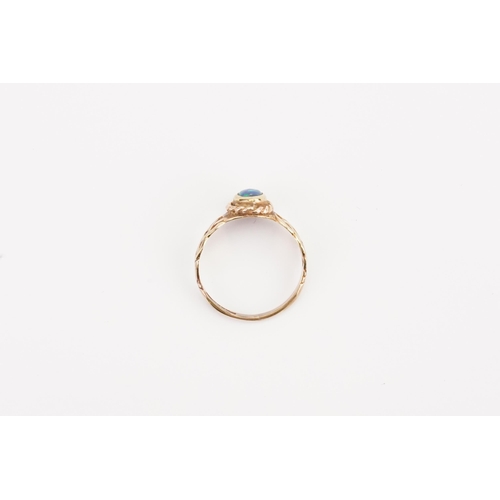 134 - A 9ct Gold Opal set ring. Size P. Weight 2.4g.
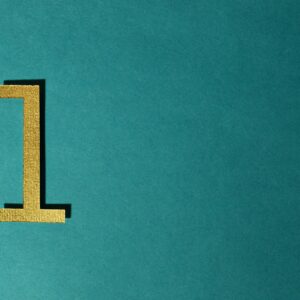 A gold number one on a teal background with ample copy space.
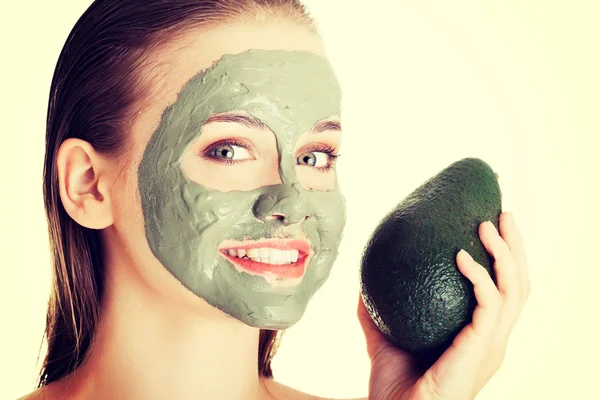 Spa vrouw in gezichtsmasker en avocado — Stockfoto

+++

Once the images are set aside, retype all of the material above exactly.

 134 - A 9ct Gold Opal set ring. Size P. Weight 2.4g.
 A gold number one on a teal background with ample copy space.
 Spa vrouw in gezichtsmasker en avocado — Stockfoto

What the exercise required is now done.